Harry studied music privately with Landon Ronald and John Storer, then in 1895 he entered the Royal Academy of Music in London, where he studied composition with Battison Haynes and Frederick Corder, and piano with Septimus Webbe. There he was a contemporary of Arnold Bax, York Bowen, Adam Carse, Eric Coates, Benjamin Dale and Percy Hilder Miles. An opera, Floretta, to a libretto by his sister, Eleanor, was produced at the Academy in 1899, and two operettas were performed at St George's Hall in 1901 and 1902.

Career in music
Farjeon left the Royal Academy of Music in 1900, but in 1901 he returned to teach composition. Two years later, at the age of 25, he became the Academy's youngest ever professor, having become the family wage-earner after the death of his father. Among his pupils were Mary Chandler, George Lloyd, Christian Darnton, Geraldine Mucha, Phyllis Tate, Daniel Jones and Steve Race. He also taught at the Blackheath Conservatoire.
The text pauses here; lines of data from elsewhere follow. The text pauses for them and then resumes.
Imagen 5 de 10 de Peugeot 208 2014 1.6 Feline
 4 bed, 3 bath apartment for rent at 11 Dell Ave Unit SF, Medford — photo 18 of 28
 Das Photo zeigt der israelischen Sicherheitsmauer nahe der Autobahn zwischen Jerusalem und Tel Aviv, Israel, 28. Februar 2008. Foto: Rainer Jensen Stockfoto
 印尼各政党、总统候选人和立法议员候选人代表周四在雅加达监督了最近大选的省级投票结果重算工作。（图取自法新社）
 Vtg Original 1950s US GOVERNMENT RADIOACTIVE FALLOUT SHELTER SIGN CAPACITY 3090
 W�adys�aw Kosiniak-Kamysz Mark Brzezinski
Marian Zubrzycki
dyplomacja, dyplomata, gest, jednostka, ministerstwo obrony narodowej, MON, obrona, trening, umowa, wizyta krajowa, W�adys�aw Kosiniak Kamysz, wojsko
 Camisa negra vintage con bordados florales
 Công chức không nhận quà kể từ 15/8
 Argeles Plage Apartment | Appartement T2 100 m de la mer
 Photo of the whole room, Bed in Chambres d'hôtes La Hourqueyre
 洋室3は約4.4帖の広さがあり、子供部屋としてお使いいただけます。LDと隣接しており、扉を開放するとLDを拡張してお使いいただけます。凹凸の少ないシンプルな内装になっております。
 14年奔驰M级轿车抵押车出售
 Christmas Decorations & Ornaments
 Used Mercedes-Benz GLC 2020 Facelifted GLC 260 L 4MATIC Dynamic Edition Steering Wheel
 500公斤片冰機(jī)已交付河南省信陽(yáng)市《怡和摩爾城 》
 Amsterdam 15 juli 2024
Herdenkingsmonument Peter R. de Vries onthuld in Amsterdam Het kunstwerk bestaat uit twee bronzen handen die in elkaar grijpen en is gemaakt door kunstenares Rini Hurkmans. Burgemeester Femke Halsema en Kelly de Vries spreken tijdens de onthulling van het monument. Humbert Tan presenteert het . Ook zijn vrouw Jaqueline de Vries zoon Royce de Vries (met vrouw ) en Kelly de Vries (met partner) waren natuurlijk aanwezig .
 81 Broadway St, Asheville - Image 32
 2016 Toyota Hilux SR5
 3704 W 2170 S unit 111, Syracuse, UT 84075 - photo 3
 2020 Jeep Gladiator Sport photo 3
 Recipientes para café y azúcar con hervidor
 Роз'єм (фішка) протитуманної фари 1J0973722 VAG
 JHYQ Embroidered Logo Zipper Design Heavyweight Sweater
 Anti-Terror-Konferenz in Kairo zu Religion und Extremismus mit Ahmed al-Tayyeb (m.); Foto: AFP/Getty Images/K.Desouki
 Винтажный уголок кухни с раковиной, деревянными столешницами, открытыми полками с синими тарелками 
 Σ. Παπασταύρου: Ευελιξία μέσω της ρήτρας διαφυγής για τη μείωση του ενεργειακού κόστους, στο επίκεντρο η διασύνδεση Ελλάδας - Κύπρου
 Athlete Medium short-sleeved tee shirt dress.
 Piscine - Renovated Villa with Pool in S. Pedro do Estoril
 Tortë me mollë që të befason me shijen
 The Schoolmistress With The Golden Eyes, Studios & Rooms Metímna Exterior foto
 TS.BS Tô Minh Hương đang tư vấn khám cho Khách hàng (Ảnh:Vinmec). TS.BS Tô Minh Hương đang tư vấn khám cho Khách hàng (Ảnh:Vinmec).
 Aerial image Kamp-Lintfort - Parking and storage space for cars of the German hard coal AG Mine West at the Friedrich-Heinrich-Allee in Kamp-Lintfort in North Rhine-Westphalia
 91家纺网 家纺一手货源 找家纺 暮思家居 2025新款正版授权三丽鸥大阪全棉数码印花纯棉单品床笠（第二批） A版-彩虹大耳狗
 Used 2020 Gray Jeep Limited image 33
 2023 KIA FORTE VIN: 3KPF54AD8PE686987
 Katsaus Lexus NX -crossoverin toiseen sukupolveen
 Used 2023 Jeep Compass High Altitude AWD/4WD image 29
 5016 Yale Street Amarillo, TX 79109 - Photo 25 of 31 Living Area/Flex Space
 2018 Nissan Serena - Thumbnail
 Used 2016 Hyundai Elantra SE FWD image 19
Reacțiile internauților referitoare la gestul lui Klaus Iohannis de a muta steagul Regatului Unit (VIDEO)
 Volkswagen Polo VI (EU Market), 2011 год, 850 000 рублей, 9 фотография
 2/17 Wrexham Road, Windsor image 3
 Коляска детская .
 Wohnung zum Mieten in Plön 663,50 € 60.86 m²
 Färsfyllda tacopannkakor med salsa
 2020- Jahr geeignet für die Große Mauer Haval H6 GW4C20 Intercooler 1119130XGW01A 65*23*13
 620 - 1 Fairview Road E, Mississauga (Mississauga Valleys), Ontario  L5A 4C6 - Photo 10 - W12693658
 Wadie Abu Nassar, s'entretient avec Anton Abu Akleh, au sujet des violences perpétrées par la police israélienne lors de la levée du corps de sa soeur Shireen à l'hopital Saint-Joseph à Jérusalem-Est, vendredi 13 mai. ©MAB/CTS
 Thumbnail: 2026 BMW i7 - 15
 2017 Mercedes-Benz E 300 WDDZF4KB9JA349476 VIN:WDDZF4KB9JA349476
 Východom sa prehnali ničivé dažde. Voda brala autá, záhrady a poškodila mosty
Harry Farjeon composed music throughout most of his life. His compositions are mostly for piano (many grouped into suites and collections, some also published separately) with the illustrative pieces mostly intended to appeal to amateur home pianists. But he also wrote a piano sonata, chamber music (including four string quartets), full scale orchestral works and many separate songs, song cycles and dramatic works, often setting texts by his sister Eleanor. He also wrote about music for the Daily Telegraph, the Musical Times and other periodicals.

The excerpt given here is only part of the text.